> INFORMATION PROVIDED:
•••

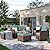 VONZOY Patio Furniture Set, 5 Pieces Outdoor Sectional Sofa Couch with Chairs, Ottomans and Thick Cushions, All Weather Wicker Rattan Patio Conversation Set Light Blue
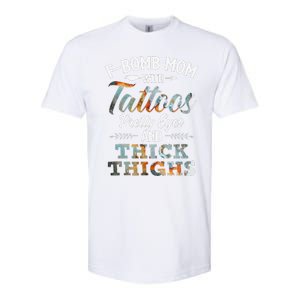 Funny FBomb Mom With Tattoos Pretty Eyes And Thick Thighs Softstyle CVC T-Shirt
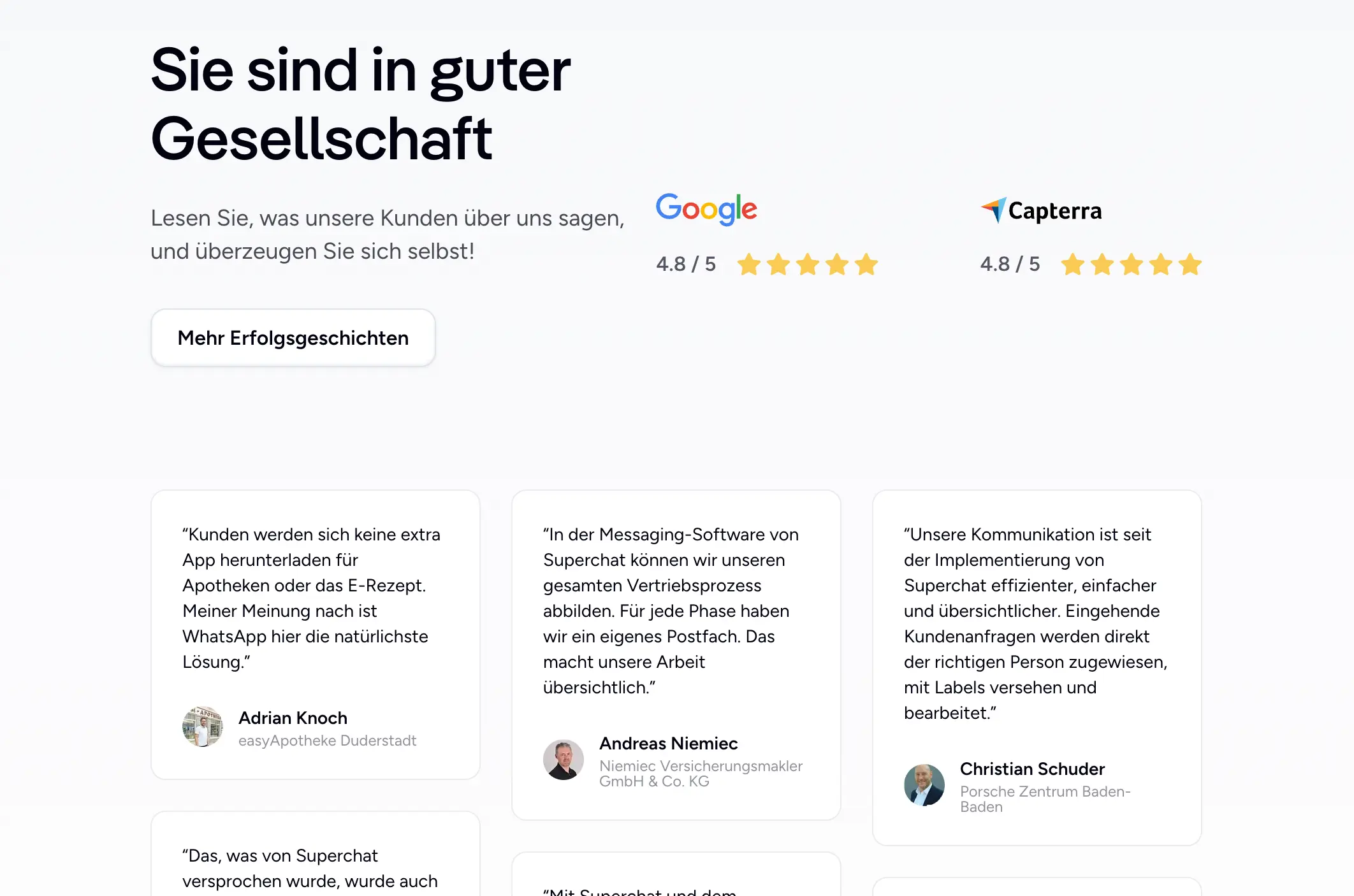 Superchat - Feedback und echte Kundenerlebnisse Superchat - Feedback und echte Kundenerlebnisse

•••

> WORK INSTRUCTION: Quote exactly the lines from the one that contains "Funny FBomb Mom" through the end of the listing above, both ends included, leaving out the pictures.

> RESPONSE TO THIS TASK:
 Funny FBomb Mom With Tattoos Pretty Eyes And Thick Thighs Softstyle CVC T-Shirt
 Superchat - Feedback und echte Kundenerlebnisse Superchat - Feedback und echte Kundenerlebnisse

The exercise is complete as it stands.